I confess I have, so far, not found the magic bullet of promotion, no sure fire formula for wider exposure to the target audience of serious readers of fiction. Many people are out there hawking book promotional methods for the eager and unsuspecting who believe naively that readers will come if only they followed the methods offered for a price. Having sold or optioned ten books to the movies with two made along with a television miniseries, which provided extraordinary exposure for my titles, I can still say with impunity that there is no sure fire way to sustain sales for a work of fiction short of word of mouth, sheer luck or a miracle. In the long run, the book is the book is the book and all the advertising, publicity and good reviews that can be brought to bear will help, but not guarantee public acceptance on a grand scale.

The paper book was and is still king of the mountain. Publishers titter at the idea of e-books, although they often take a cautious and modest pass at digital conversion, putting their clout, as always, behind their name brand authors. So far e-books have not been a profit center for publishers. In fact it is probably not a profit center for anyone except, perhaps, those in the business of conversion. The prevailing opinion everywhere, despite glimmers of hope as more and more people begin to discover e-books and find themselves comfortable reading on screens, is that the present is still economically risky.

To complicate matters further, the e-book dream which had been heavily promoted and touted as the ultimate content revolution was a long way from realization. The hardware had not caught up with the content and many so-called content providers were holding back on offering their content because the hardware, while adequate, was not deemed as user friendly for a larger market of non computer-literate readers. It is the chicken and egg syndrome.

"For clarity, portability and storage of numerous books, these new devices could, indeed, jumpstart e-book acceptance. . ."

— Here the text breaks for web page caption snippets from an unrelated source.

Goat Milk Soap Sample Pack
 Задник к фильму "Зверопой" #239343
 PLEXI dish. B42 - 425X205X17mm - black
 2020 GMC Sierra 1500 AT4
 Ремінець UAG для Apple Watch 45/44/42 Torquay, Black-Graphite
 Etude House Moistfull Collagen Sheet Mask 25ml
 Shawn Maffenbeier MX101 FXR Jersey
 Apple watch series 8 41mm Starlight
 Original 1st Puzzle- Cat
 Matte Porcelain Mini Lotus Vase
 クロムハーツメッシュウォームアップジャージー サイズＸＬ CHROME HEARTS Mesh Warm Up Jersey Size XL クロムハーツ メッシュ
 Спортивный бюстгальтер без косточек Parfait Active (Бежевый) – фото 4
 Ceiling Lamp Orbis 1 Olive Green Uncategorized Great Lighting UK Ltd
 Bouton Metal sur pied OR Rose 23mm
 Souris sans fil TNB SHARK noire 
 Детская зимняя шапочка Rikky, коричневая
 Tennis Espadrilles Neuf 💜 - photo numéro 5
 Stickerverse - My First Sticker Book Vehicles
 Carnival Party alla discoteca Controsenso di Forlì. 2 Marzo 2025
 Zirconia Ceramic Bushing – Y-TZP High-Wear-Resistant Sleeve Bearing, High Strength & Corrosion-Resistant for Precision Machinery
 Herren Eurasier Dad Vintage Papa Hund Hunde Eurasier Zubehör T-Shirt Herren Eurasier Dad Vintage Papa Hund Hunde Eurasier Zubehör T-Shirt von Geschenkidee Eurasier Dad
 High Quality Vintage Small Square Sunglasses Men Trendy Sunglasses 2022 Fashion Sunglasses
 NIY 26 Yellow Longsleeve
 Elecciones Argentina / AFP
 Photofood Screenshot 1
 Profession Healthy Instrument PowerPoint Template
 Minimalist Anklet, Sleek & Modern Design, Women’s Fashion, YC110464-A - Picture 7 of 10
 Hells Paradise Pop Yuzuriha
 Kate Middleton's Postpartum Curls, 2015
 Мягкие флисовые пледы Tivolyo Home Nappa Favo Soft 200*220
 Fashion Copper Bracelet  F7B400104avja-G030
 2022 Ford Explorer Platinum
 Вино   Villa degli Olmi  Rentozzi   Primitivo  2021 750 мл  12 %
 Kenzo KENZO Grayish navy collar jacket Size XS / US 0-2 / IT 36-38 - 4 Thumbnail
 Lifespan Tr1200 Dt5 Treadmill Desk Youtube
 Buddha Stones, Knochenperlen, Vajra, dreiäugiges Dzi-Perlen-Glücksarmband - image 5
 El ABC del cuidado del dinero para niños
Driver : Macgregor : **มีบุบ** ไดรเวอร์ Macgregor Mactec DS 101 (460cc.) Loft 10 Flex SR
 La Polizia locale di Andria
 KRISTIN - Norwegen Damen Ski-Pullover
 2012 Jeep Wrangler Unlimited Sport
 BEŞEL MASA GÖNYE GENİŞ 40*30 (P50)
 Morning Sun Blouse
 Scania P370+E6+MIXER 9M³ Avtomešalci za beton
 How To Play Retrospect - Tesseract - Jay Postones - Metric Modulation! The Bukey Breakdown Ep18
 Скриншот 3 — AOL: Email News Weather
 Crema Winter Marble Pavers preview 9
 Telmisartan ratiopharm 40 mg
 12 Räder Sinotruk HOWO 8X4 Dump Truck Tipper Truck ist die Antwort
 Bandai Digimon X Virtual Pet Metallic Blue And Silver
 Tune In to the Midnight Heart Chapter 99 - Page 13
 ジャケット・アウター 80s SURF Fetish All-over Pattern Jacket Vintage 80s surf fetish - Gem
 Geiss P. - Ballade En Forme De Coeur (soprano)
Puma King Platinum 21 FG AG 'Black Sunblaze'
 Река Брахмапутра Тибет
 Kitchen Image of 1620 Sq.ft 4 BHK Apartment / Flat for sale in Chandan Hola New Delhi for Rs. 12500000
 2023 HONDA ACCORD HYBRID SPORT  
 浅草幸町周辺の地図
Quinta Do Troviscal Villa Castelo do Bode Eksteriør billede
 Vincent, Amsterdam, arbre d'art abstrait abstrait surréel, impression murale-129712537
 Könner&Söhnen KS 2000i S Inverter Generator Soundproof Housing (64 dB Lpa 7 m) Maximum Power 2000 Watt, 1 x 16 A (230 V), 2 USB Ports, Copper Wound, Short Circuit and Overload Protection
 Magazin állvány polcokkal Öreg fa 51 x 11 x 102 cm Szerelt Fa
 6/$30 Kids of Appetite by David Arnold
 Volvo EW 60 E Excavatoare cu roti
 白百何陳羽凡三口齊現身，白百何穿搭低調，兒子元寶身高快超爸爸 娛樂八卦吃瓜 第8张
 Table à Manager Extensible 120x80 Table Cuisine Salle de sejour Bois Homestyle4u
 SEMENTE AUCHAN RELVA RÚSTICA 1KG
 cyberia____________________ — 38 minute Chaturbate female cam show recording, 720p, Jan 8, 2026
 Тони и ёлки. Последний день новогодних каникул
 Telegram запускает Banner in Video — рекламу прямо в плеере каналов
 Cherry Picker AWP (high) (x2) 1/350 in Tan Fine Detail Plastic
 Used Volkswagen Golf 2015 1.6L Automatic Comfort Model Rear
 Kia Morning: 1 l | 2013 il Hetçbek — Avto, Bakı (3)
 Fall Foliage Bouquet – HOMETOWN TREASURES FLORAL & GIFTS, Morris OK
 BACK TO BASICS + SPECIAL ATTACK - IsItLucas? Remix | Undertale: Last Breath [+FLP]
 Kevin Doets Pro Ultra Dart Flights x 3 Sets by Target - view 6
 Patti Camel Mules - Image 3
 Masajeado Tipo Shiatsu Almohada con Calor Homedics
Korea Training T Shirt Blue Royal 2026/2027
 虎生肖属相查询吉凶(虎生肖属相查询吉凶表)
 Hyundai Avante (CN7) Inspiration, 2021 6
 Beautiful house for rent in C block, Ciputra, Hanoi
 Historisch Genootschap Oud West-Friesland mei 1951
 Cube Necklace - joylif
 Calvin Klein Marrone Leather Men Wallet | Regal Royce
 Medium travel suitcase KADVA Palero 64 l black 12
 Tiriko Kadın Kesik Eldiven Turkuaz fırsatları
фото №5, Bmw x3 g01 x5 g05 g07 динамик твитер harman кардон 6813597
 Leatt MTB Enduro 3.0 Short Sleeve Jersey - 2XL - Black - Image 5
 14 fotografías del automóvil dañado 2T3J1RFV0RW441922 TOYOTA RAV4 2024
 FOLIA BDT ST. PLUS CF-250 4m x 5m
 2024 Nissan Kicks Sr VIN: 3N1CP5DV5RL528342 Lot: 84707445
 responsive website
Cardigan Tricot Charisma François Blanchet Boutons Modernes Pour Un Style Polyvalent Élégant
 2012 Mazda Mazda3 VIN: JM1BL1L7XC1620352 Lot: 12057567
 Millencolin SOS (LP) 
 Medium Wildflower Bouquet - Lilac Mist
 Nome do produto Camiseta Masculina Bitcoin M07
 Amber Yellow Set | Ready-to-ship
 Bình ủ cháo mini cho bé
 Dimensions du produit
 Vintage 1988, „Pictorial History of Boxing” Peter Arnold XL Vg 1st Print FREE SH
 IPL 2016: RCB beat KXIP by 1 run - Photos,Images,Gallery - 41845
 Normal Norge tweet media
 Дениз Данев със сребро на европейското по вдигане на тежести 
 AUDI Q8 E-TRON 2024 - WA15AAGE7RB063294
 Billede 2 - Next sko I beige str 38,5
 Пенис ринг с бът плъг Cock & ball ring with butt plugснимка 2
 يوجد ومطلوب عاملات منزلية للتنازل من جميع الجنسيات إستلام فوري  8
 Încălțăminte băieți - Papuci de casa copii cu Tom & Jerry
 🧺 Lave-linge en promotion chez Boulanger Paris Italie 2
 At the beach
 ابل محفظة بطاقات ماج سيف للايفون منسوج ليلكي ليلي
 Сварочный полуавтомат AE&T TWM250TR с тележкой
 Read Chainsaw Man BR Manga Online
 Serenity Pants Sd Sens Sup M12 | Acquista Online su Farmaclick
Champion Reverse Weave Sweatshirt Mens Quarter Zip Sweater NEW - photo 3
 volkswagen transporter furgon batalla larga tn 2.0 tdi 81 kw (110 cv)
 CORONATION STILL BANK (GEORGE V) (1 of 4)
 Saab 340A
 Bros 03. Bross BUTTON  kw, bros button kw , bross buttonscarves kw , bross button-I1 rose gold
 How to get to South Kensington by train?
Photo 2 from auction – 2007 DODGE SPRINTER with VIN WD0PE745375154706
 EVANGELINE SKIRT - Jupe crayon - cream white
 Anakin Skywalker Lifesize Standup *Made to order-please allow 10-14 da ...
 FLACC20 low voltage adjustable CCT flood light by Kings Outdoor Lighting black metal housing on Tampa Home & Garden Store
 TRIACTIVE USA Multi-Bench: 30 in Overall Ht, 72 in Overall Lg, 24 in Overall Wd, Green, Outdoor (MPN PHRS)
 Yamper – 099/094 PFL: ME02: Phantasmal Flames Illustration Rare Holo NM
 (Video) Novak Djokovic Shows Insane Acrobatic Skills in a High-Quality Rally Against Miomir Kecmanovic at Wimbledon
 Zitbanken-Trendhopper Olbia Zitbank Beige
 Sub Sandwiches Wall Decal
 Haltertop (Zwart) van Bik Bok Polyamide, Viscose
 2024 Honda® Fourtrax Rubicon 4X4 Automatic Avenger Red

This is not to say that the present devices do not have their place for those users of Palm Pilots or Microsoft's new tablet PC for example as well as numerous other computer products. Many people use such devices for e-book reading and are quite happy and satisfied to do so. Surveys, particularly a recent one by Dr. Harold Henke done for the Open E-Book Forum (OEBF) show e-book reading rising steadily, although not at the pace originally predicted. While the major publishers and libraries are beginning to take steps into the e-book world, they are doing so cautiously; taking a watchful and waiting posture before committing themselves whole hog to what is for them a competitive delivery system of content.

Yet, despite the initial exaggeration of its potential and its disappointing start, the future of the e-book is coming faster than we think. Things are happening just below the radar.

Content friendly devices using long awaited "digital paper" technology are on the verge of entering the book consumer fray big time. These devices will charm and amaze even the most inexperienced computer user. They will give the paper book a run for its money. Transportable, comfortable and dedicated to the reading experience, they will enhance this experience mightily, offering brighter fonts, upsizing, search and bookmaking ability that will astonish the reader. Digital paper for the layman reader "turns" its pages by a process that causes one page to disappear and another to appear in or out of sequence.

Moreover they will, hopefully, be dedicated solely to the reading experience. If they digress from that mission and offer other bells and whistles like the cell phone, they would, in my opinion, be making a profound mistake and render these new devices far less worthy for the dedicated reader. When a person walks into a brick and mortar store like Barnes and Noble, or any bookstore on the planet, chain or independent, they buy the book, not a digital camera, not an e-mail outlet, not a web browser, not a PC, not an audio device or a telephone. They buy the book.

Of course, there will be naysayers who will never buy an e-book, however friendly and despite the astonishing ease and comfort of the devices that deliver them. There are those who are totally attached to the tactile experience of "feeling" and "smelling" the printed paper book. Mostly part of an older demographic, they will not budge under any circumstance. The younger generations, computer literate and used to reading on screens from pre-school days have a far more open attitude toward electronically delivered content.

For clarity, portability and storage of numerous books, these new devices could, indeed, jumpstart e-book acceptance and as they say, "raise all boats."

I cannot say more about what is coming for reasons of confidentiality, but I am enthusiastic and wildly encouraged. We have been waiting for the better mousetrap to speed up e-book acceptance, especially for the skeptics, and it is on its way.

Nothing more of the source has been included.